As Mônadas não têm Janelas. Não haveria qualquer interação entre as mônadas. Elas são universos contidos em si mesmos. Não têm janelas e nem portas. Contudo, parecem interagir, mas isso já faz parte do trabalho de Deus, a grande Mônada.
Uma Harmonia Preestabelecida. Deus programou todas as mônadas, de tal modo que tudo quanto sucede vem do íntimo, e não da interação externa entre as mônadas. Assim, neste momento, posso pensar que estou olhando para você, e você pode pensar que está olhando para mim. Estamos em um diálogo, e parecemos estar interagindo. Mas isso é apenas uma ilusão. O que realmente está sucedendo é que a minha programação interior é paralela e harmônica à sua programação. Meu mundo interior corresponde ao mundo interior do leitor, mas não há qualquer interação. Outro tanto sucede no caso das supostas interações entre o meu corpo e a minha alma. Tanto o corpo quanto a alma são compostos de mônadas programadas para parecerem que interagem. Mas a verdade é que a programação deles é harmônica, existindo como paralelos, mas não como estados de interação. Pensemos no som gravado em uma fita de cinema. Essa gravação é feita para acompanhar paralelamente as cenas do filme. Ou imaginemos o caso de dois relógios que estejam marcando exatamente o mesmo horário. Não colaboram um com ou outro. Mas funcionam paralelamente, sempre em perfeita harmonia um coir o outro. Tiquetaqueiam juntos, dão as horas no mesmo momento, e estão sempre marcando os mesmos segundos, minutos e horas.

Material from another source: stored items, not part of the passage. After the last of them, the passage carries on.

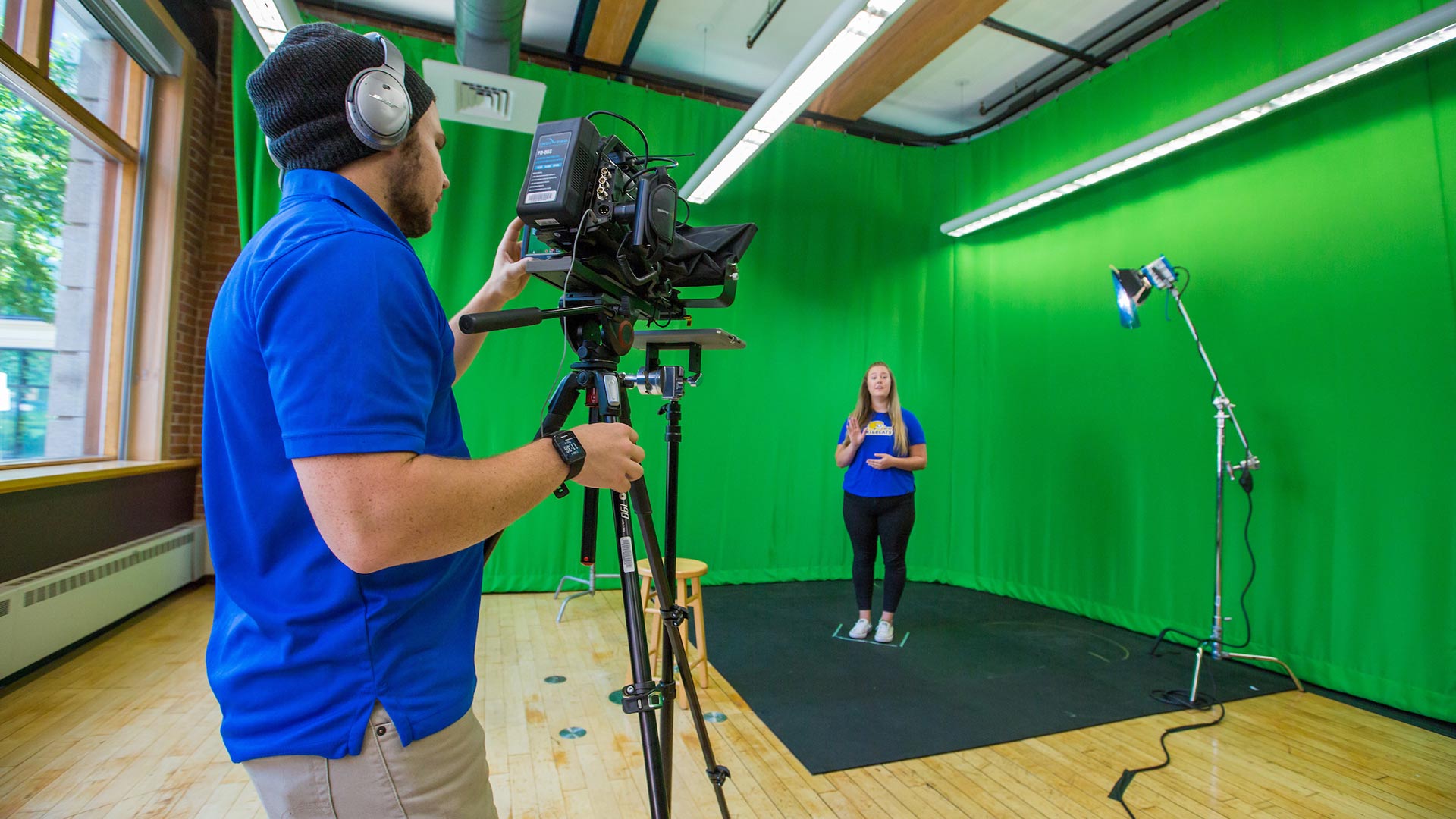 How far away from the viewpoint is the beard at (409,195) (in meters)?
0.71

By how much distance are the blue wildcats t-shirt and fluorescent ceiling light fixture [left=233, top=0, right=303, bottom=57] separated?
3.06 metres

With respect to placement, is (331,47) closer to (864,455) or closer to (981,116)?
(864,455)

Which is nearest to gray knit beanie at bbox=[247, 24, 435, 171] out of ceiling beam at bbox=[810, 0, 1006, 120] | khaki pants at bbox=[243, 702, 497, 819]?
khaki pants at bbox=[243, 702, 497, 819]

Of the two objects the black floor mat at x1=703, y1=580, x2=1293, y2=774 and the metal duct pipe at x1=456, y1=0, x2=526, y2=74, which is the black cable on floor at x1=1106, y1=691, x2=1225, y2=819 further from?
the metal duct pipe at x1=456, y1=0, x2=526, y2=74

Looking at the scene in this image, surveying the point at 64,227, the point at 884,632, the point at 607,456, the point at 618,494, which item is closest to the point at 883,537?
the point at 884,632

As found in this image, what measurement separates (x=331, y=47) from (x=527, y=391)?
3.68 m

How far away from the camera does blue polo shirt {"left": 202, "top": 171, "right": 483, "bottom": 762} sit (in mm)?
525

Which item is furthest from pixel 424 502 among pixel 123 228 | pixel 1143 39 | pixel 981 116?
pixel 981 116

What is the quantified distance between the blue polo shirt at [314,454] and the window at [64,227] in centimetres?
311

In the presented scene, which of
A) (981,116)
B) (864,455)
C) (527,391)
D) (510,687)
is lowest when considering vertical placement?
(510,687)

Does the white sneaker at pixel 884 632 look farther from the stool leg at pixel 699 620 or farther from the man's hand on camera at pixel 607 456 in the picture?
the man's hand on camera at pixel 607 456

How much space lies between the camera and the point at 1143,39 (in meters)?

No entanto, a harmonia que há entre esses dois relógios vem do interior de cada um deles, e não em face de alguma interação.
Avaliação e Críticas:
1.    Leibnitz criou uma teoria que tem atraído muita gente, embora pareça ser mais o produto de uma imaginação fértil do que uma verdadeira exposição da realidade. Seja como for, a teoria está fora dos nossos meios de investigação.
2.   Essa teoria faz de Deus a única causa. Se Deus é a única causa, então, ele é a causa do mal, o que parece fazer a teoria de Leibnitz inaceitável, sobre bases morais. Deus, porventura, programou as mônadas em seu agrupamento comunal para pratica­rem o mal?
3.    Essa teoria reflete um determinismo extremado. A nossa experiência parece ensinar-nos que somos capazes, pelo menos em algumas ocasiões, de fazer escolhas genuínas.
4.   Visto que Deus fez aquela programação, então o mundo é «o melhor de todos os mundos possíveis». Mas, considerando todo o caos, a maldade e o sofrimento que aqui aparecem perguntamos por que motivo Deus não fez um mundo melhor. Meu rosto não está sorrindo.